## EXERCISE DESCRIPTION
With the images removed, repeat the data below exactly.

## DATA PROVIDED

▬▬▬

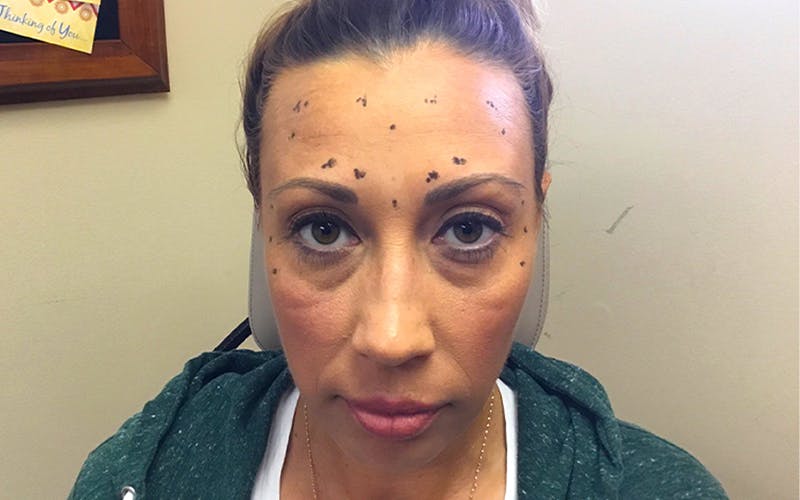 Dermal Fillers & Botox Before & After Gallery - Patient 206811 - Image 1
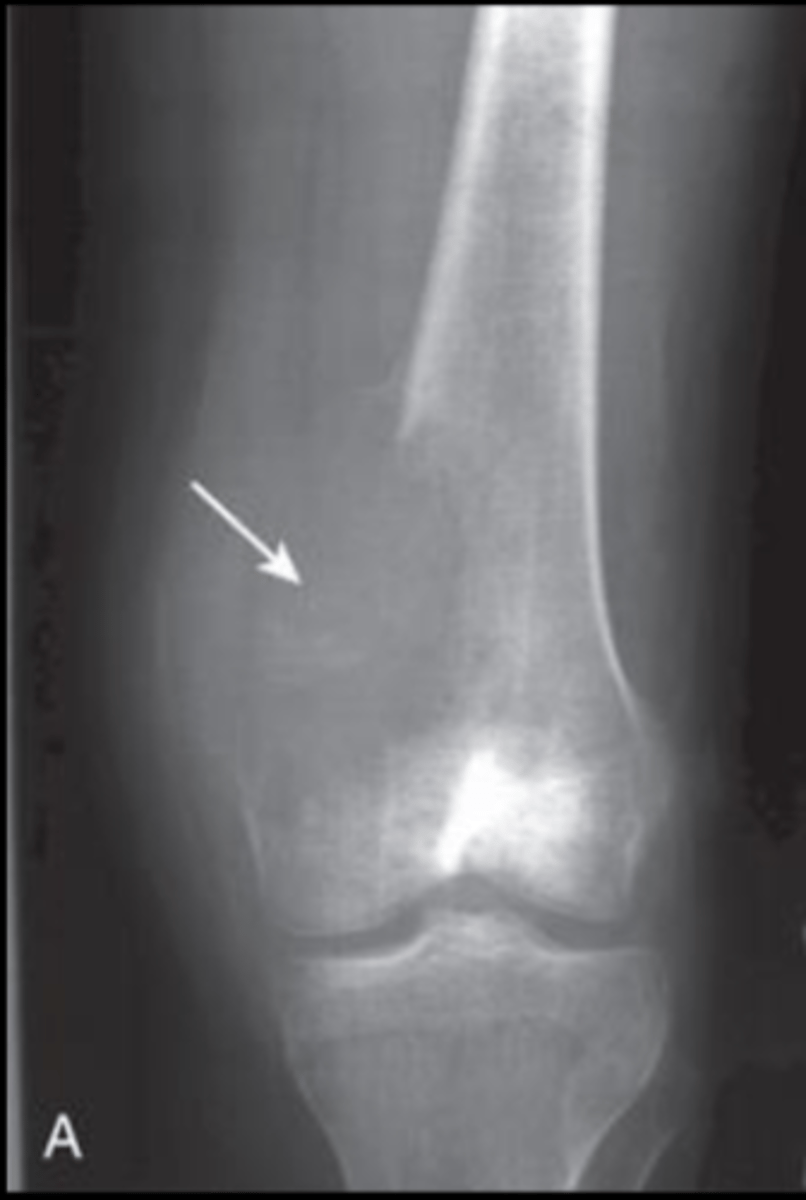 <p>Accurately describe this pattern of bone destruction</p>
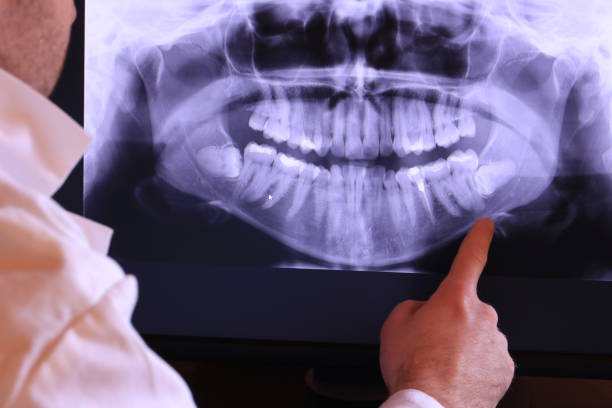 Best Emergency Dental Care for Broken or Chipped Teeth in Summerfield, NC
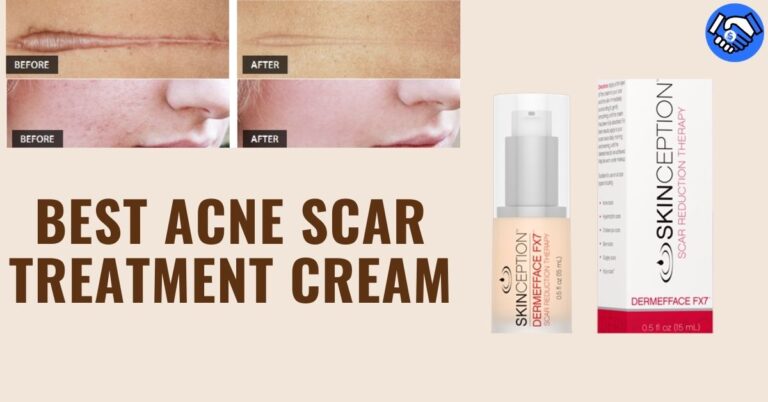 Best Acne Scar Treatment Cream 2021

▬▬▬

## REPLY TO THE EXERCISE
 Dermal Fillers & Botox Before & After Gallery - Patient 206811 - Image 1
 <p>Accurately describe this pattern of bone destruction</p>
 Best Emergency Dental Care for Broken or Chipped Teeth in Summerfield, NC
 Best Acne Scar Treatment Cream 2021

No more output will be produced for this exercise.